Re: Routing a subquery directly to the shard a document came from

2018-03-29 Thread Jeff Wartes

This gets really close:

q=
fl=id,subquery:[subquery],[shard]
subquery.q=
subquery.fq={!cache=false} +{!terms f=_root_ v=$row.id}
subquery.shards=$row.[shard]

The issue here is that local params aren't a thing except in a query parser, 
and the "shards=" param isn't a query so it isn't parsed. So I have no way to 
dereference the "$row.[shard]".


On 3/27/18, 4:00 PM, "Jeff Wartes"  wrote:


I have a large 7.2 index with nested documents and many shards.
For each result (parent doc) in a query, I want to gather a 
relevance-ranked subset of the child documents.
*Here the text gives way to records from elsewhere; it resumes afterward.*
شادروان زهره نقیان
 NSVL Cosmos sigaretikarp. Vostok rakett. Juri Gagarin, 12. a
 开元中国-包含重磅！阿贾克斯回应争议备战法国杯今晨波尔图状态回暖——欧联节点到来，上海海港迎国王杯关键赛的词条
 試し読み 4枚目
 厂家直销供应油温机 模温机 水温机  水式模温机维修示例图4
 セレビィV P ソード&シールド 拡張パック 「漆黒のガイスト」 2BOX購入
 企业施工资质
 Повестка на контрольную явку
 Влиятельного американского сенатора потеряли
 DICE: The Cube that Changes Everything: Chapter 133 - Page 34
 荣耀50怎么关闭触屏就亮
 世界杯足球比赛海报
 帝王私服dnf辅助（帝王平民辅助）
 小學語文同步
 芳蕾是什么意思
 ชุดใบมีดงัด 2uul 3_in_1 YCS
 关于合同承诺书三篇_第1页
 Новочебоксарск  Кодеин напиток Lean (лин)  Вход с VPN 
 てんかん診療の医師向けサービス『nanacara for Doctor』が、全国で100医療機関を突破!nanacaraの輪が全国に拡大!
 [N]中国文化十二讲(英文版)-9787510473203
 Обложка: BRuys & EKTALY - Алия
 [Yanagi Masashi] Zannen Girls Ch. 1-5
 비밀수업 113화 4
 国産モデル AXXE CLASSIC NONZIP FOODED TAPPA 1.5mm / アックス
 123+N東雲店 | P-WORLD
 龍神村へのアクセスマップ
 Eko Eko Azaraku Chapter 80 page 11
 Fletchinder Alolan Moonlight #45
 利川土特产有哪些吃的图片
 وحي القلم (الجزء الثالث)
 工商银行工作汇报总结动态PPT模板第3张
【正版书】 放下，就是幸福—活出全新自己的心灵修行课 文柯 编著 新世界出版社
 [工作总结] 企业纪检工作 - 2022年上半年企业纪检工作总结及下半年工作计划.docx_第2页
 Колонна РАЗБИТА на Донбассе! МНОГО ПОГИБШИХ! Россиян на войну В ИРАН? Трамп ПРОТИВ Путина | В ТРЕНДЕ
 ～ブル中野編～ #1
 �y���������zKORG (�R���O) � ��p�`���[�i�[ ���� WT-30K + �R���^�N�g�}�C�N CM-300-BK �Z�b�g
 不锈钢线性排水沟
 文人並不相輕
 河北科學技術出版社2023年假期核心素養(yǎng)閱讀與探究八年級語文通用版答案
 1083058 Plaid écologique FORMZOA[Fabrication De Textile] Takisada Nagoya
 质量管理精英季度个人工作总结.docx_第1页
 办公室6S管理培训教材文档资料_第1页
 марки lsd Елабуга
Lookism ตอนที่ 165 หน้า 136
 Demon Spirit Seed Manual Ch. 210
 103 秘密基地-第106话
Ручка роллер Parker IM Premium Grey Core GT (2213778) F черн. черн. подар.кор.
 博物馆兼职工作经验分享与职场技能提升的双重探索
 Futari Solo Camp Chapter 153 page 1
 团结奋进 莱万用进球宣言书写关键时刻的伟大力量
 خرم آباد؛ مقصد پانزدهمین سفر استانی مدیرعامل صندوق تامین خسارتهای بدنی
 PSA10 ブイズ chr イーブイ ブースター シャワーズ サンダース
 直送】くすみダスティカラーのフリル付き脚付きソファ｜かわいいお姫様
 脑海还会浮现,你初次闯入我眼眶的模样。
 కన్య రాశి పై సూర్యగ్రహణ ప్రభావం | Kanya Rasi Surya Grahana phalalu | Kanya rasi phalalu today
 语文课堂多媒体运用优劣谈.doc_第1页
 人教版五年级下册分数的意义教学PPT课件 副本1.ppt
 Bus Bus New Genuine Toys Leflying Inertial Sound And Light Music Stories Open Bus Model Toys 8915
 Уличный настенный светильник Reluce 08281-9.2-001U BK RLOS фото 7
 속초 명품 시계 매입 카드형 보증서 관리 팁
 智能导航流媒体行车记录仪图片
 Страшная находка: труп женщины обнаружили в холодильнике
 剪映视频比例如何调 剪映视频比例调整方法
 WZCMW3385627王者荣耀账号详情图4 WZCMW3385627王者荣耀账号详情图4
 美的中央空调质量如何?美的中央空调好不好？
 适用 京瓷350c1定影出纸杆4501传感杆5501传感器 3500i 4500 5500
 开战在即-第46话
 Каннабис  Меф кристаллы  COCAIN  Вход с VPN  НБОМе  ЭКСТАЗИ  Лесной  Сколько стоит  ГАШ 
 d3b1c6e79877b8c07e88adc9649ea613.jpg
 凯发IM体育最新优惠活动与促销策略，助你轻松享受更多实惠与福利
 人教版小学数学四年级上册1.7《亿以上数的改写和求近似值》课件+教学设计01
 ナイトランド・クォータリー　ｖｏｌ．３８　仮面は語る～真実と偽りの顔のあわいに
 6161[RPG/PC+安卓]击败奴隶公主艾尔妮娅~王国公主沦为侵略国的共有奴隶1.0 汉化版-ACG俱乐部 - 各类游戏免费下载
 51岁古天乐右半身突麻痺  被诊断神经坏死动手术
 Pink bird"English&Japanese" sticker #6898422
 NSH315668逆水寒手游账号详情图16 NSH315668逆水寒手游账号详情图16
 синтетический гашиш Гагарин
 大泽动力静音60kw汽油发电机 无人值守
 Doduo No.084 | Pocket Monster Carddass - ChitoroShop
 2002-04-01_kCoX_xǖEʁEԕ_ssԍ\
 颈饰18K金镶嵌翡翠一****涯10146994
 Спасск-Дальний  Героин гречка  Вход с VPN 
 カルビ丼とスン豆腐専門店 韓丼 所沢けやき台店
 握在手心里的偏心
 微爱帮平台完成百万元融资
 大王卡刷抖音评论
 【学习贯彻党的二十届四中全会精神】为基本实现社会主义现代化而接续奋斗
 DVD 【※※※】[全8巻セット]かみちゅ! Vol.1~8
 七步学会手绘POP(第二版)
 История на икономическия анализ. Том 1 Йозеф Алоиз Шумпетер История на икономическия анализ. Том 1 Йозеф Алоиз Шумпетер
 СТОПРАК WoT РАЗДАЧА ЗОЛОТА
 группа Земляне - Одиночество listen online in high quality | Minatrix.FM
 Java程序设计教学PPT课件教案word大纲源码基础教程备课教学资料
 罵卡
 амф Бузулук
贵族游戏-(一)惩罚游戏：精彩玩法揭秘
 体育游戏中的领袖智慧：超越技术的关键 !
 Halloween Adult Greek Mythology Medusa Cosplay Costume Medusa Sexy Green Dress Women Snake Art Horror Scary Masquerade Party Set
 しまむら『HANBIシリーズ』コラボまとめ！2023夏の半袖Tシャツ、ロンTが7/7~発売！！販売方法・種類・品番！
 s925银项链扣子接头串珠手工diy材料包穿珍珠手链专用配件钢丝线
It seemed like the subquery 
transformer would be ideal: 
https://lucene.apache.org/solr/guide/7_2/transforming-result-documents.html#TransformingResultDocuments-_subquery_
(the [child] transformer allows for a filter, but the results have an 
effectively random sort)

So maybe something like this:
q=
fl=id,subquery:[subquery]
subquery.q=
subquery.fq={!cache=false} +{!terms f=_root_ v=$row.id}

This actually works fine, but there’s a lot more work going on than 
necessary. Say we have X shards and get N documents back:

Query http requests = 1 top-level query + X distributed shard-requests
Subquery http requests = N rows + N * X distributed shard-requests
So with N=10 results and X=50 shards, that is: 1+50+10+500 = 561 http 
requests through the cluster.

Some of that is unavoidable, of course, but it occurs to me that all the 
child docs are indexed in the same shard (segment) that the parent doc is. 
Meaning that if you know the parent doc id, (and I do) you can use the document 
routing to know exactly which shard to send the subquery request to. This would 
save 490 of the http requests in the scenario above.

Is there any form of query that allows for explicitly following the 
document routing rules for a given document ID?

I’m aware of the “distrib=false” and “shards=foo” parameters, but using 
those would require me to recreate the document routing in the client.
There’s also the “fl=[shard]” thing, but that would still require me to 
handle the subqueries in the client.






Routing a subquery directly to the shard a document came from

2018-03-27 Thread Jeff Wartes

I have a large 7.2 index with nested documents and many shards.
For each result (parent doc) in a query, I want to gather a relevance-ranked 
subset of the child documents. It seemed like the subquery transformer would be 
ideal: 
https://lucene.apache.org/solr/guide/7_2/transforming-result-documents.html#TransformingResultDocuments-_subquery_
(the [child] transformer allows for a filter, but the results have an 
effectively random sort)

So maybe something like this:
q=
fl=id,subquery:[subquery]
subquery.q=
subquery.fq={!cache=false} +{!terms f=_root_ v=$row.id}

This actually works fine, but there’s a lot more work going on than necessary. 
Say we have X shards and get N documents back:

Query http requests = 1 top-level query + X distributed shard-requests
Subquery http requests = N rows + N * X distributed shard-requests
So with N=10 results and X=50 shards, that is: 1+50+10+500 = 561 http requests 
through the cluster.

Some of that is unavoidable, of course, but it occurs to me that all the child 
docs are indexed in the same shard (segment) that the parent doc is. Meaning 
that if you know the parent doc id, (and I do) you can use the document routing 
to know exactly which shard to send the subquery request to. This would save 
490 of the http requests in the scenario above.

Is there any form of query that allows for explicitly following the document 
routing rules for a given document ID?

I’m aware of the “distrib=false” and “shards=foo” parameters, but using those 
would require me to recreate the document routing in the client.
There’s also the “fl=[shard]” thing, but that would still require me to handle 
the subqueries in the client.